Starmer spelt out the scale of the task ahead in historic terms. “If you think our job in 1997 was to rebuild a crumbling public realm; that in 1964 it was to modernise an economy left behind by the pace of technology; in 1945 to build a new Britain out of the trauma of collective sacrifice; then in 2024, it will have to be all three,” he said.
Central to that task would be the modernisation and decarbonisation of the UK economy. The transition to “clean British energy”, he said, would mean “cheaper bills for every family” and make the country more competitive – an under-appreciated aspect of renewable energy that the effect of soaring fossil fuel prices on the economy has helped to highlight. “So when Rishi Sunak says row back on our climate mission, I say speed ahead. Speed ahead with investment. Speed ahead with half a million jobs,” he said.
The NHS, a priority for many voters, had been brought to its knees and the Conservatives would “put it in the ground”, Starmer warned, citing the case of a semi-professional footballer who crowd-funded £15,000 for a private operation on his knee. “How has it come to this? ...the whole point of our NHS is to be the crowd-funded solution for all of us.”

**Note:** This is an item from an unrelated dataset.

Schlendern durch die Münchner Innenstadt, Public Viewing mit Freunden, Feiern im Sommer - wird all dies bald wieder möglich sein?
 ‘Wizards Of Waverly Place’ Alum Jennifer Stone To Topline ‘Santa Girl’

In order to tackle issues of such scale, it was necessary to “break the stranglehold of Tory decline” and “walk towards a decade of national renewal –together”. He reached out to Conservative voters horrified by “the descent of your party into the murky waters of populism and conspiracy” and suggested that Labour was “a party that conserves, that fights for our Union, our environment, the rule of law, family life...”
Sunak’s speech was a good one and it gave a strong indication of how the Conservatives plan to fight the next election. But his vision is about looking back to the past, clinging to old technologies. Starmer didn’t come up with a phrase as memorable as Harold Wilson’s “white heat of technology” but after 13 years of hard times, his speech offered a weary country renewed hope.